== Extracted material ==
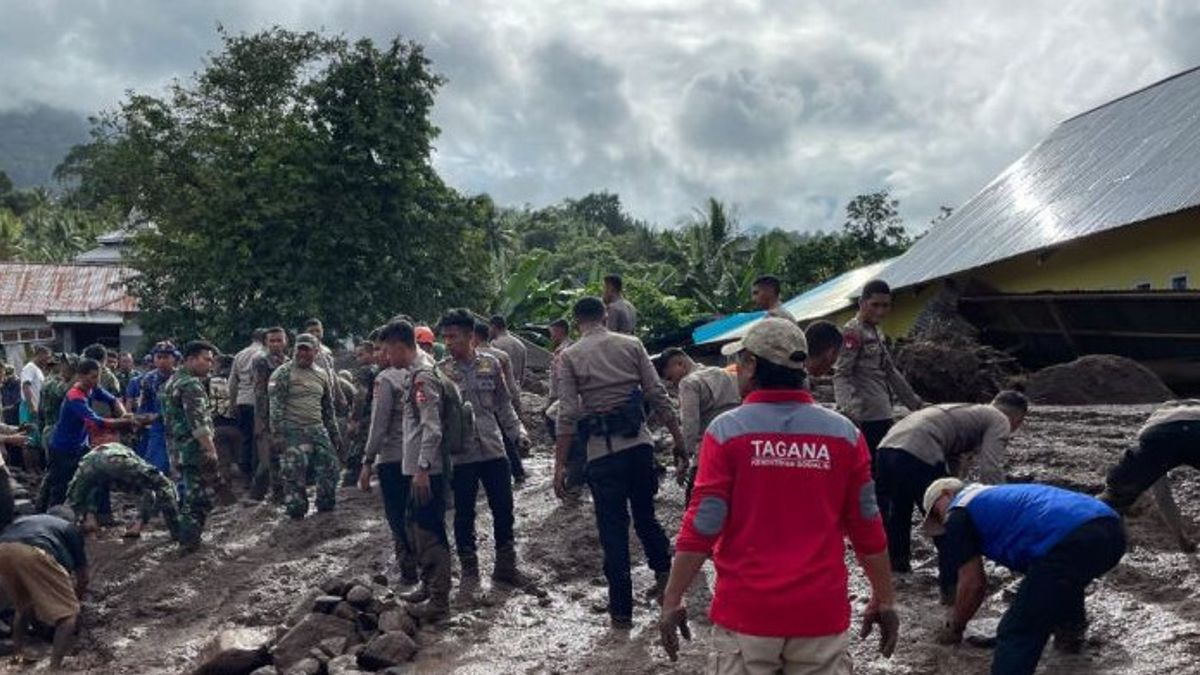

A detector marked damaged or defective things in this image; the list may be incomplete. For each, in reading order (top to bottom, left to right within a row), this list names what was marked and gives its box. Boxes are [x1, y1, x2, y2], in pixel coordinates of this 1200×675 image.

rusty metal roof [0, 261, 137, 317]
rusty metal roof [883, 63, 1200, 291]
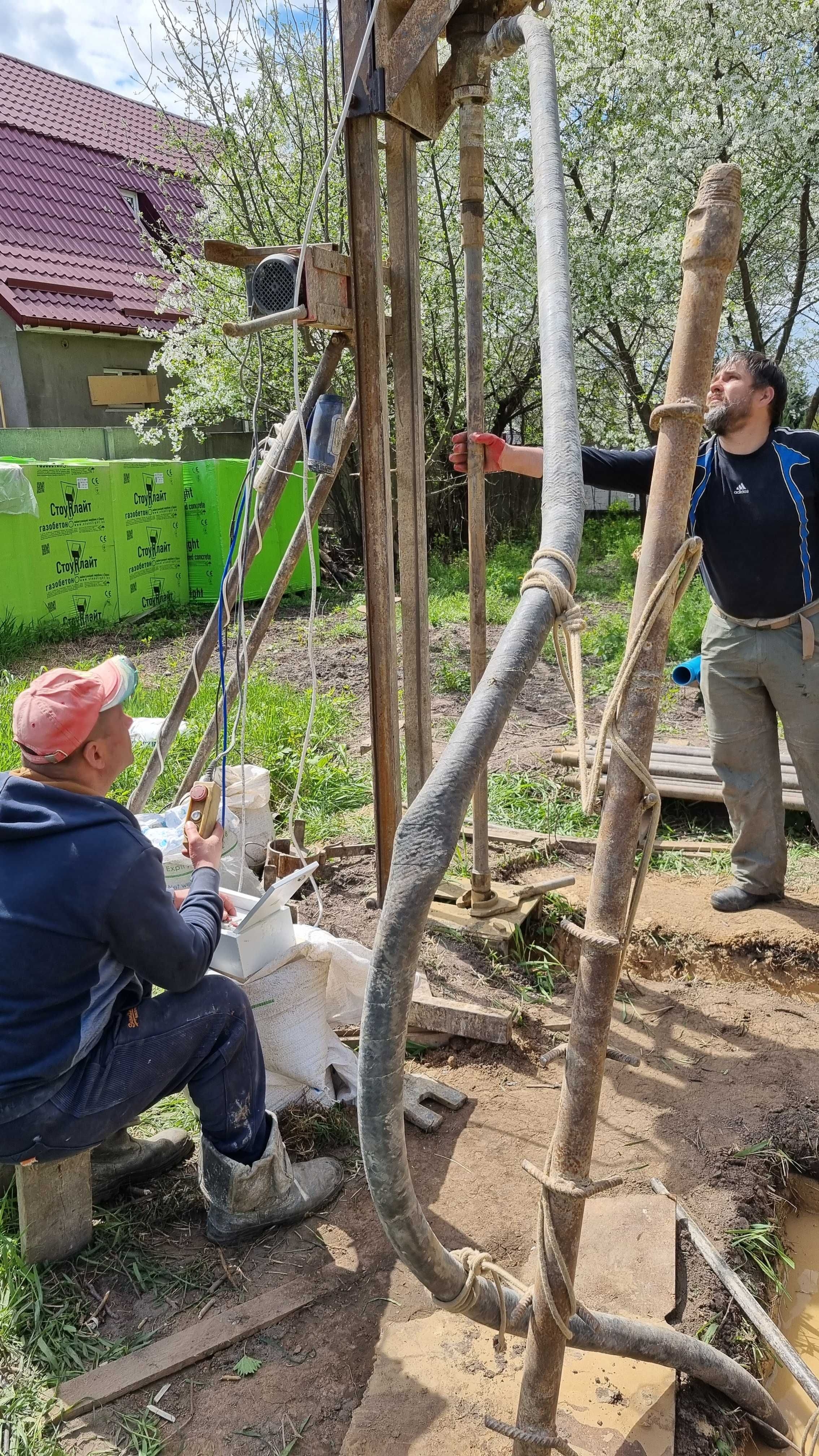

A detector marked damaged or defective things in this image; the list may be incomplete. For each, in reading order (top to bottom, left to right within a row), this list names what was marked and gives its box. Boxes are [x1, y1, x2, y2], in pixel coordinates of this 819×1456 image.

rusty drill pipe [128, 330, 347, 815]
rusty drill pipe [172, 399, 357, 803]
rusty drill pipe [513, 165, 743, 1450]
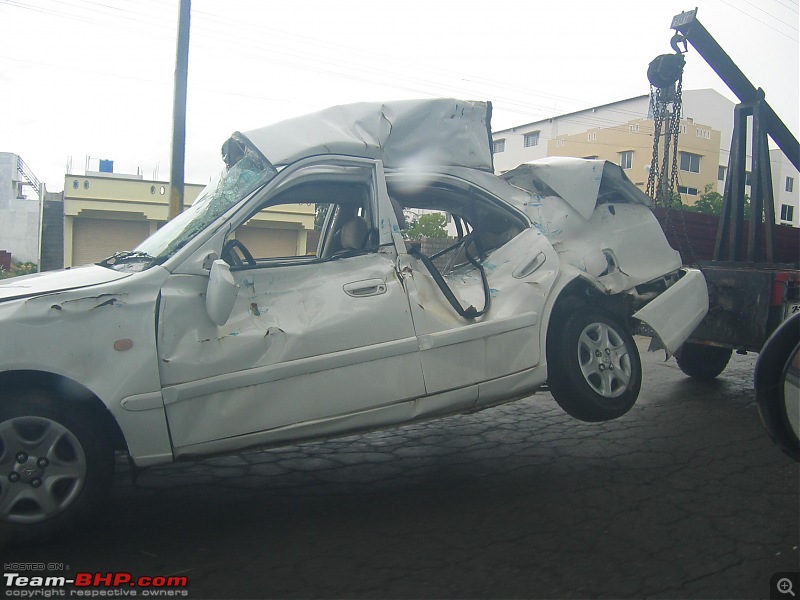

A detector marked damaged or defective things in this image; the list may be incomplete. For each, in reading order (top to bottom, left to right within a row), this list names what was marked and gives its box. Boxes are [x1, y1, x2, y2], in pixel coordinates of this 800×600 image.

shattered windshield [106, 143, 276, 270]
severely damaged car [0, 98, 708, 540]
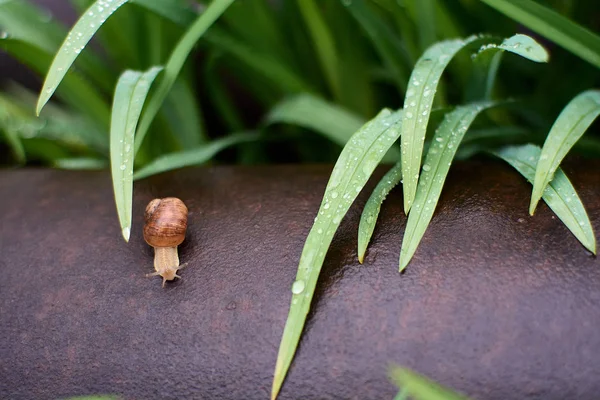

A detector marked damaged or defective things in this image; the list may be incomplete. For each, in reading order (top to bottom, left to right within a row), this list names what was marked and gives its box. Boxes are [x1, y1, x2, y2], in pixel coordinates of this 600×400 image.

brown rusted surface [0, 161, 596, 398]
textured rust [0, 161, 596, 398]
rusty metal surface [0, 162, 596, 400]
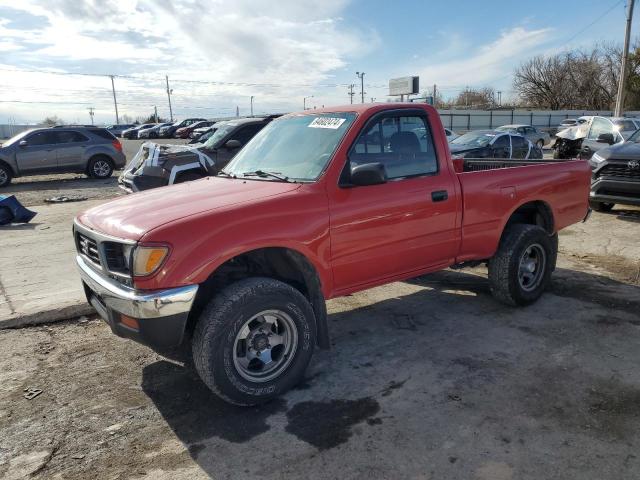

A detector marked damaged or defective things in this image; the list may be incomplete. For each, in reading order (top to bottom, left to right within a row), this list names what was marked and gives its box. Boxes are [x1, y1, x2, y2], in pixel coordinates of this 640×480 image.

damaged vehicle [117, 117, 270, 192]
damaged vehicle [552, 116, 636, 159]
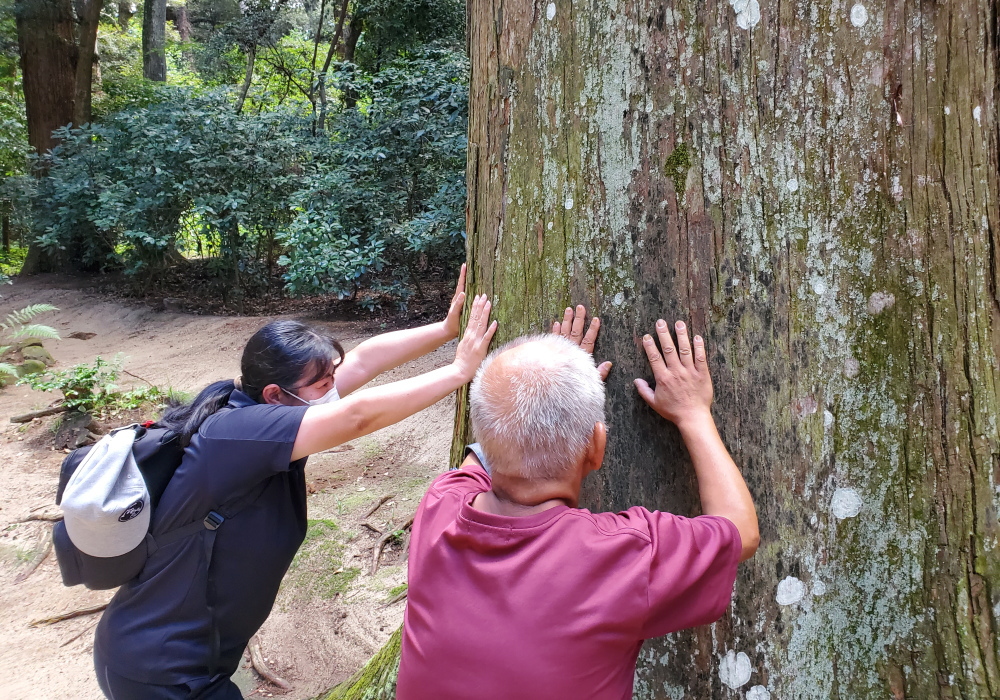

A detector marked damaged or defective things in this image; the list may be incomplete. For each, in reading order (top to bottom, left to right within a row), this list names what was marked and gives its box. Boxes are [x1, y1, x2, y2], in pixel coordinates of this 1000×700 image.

broken wooden stick [10, 404, 68, 422]
broken wooden stick [364, 492, 394, 520]
broken wooden stick [14, 524, 53, 584]
broken wooden stick [372, 516, 414, 576]
broken wooden stick [30, 600, 108, 628]
broken wooden stick [247, 636, 292, 696]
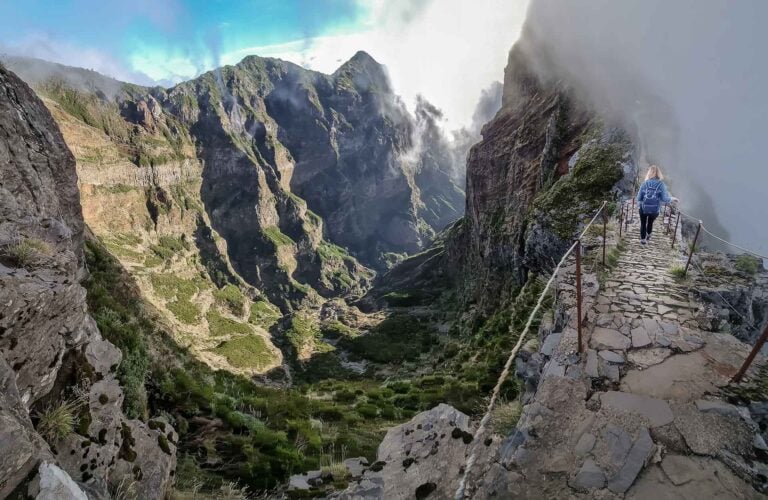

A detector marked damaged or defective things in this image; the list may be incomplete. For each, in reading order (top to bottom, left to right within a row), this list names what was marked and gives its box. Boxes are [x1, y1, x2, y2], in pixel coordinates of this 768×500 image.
===
▶ [The problem]: Go through the entries and retype each one exactly, skipping any image.

▶ [Completed task]:
A detector marked damaged or defective things in this image; the list may be incomplete. For each, in reading order (top to bottom, left to right within a row), this list names what was marked and gives its box. Boxes are [x1, y1, x2, y2], in pixel coordinates of this 1200×675 image.

rusty metal roof [0, 261, 137, 317]
rusty metal roof [883, 63, 1200, 291]

A detector marked damaged or defective things in this image; the list may be incomplete. For each, in reading order (top to bottom, left to right within a row), this list names what was marked and gives its box. Boxes are [x1, y1, x2, y2], in pixel coordinates of this 819×1456 image.

rusty drill pipe [128, 330, 347, 815]
rusty drill pipe [172, 399, 357, 803]
rusty drill pipe [513, 165, 743, 1450]

A detector marked damaged or defective things in this image; the list may be incomplete. For each, in reading order (top to bottom, left to right within a row), this list names what was marked and gives its box. Boxes are [x1, y1, x2, y2], in pixel coordinates of this 800×600 image.

shattered windshield [106, 143, 276, 270]
severely damaged car [0, 98, 708, 540]

A detector marked damaged or defective things in this image; the list may be incomplete. For each, in reading order (top to bottom, left to right within a row), this list names what was marked and gives its box. Boxes are [x1, y1, x2, y2], in pixel coordinates of this 600×400 image.

brown rusted surface [0, 161, 596, 398]
textured rust [0, 161, 596, 398]
rusty metal surface [0, 162, 596, 400]

A detector marked damaged or defective things in this image; the list may be incomplete. For each, in reading order (top to bottom, left to right within a row), this list names what was marked and gives its box. Boxes are [x1, y1, x2, y2], in pixel coordinates of this 640×480 image.

damaged vehicle [117, 117, 270, 192]
damaged vehicle [552, 116, 636, 159]

A detector marked damaged or defective things in this image; the list may be incomplete. For each, in reading order (top to bottom, left to right within a row), this list names what was marked and gives its box. Boxes are [x1, y1, x2, y2], in pixel coordinates of this 1000×700 image.

broken wooden stick [10, 404, 68, 422]
broken wooden stick [364, 492, 394, 520]
broken wooden stick [14, 524, 53, 584]
broken wooden stick [372, 516, 414, 576]
broken wooden stick [30, 600, 108, 628]
broken wooden stick [247, 636, 292, 696]

A detector marked damaged or defective things in this image; the list may be incomplete. For each, in reading order (top to bottom, left to right within a row), this list names what was marked and gives its box. Boxes are [x1, y1, x2, y2], in pixel coordinates of this 768×500 image.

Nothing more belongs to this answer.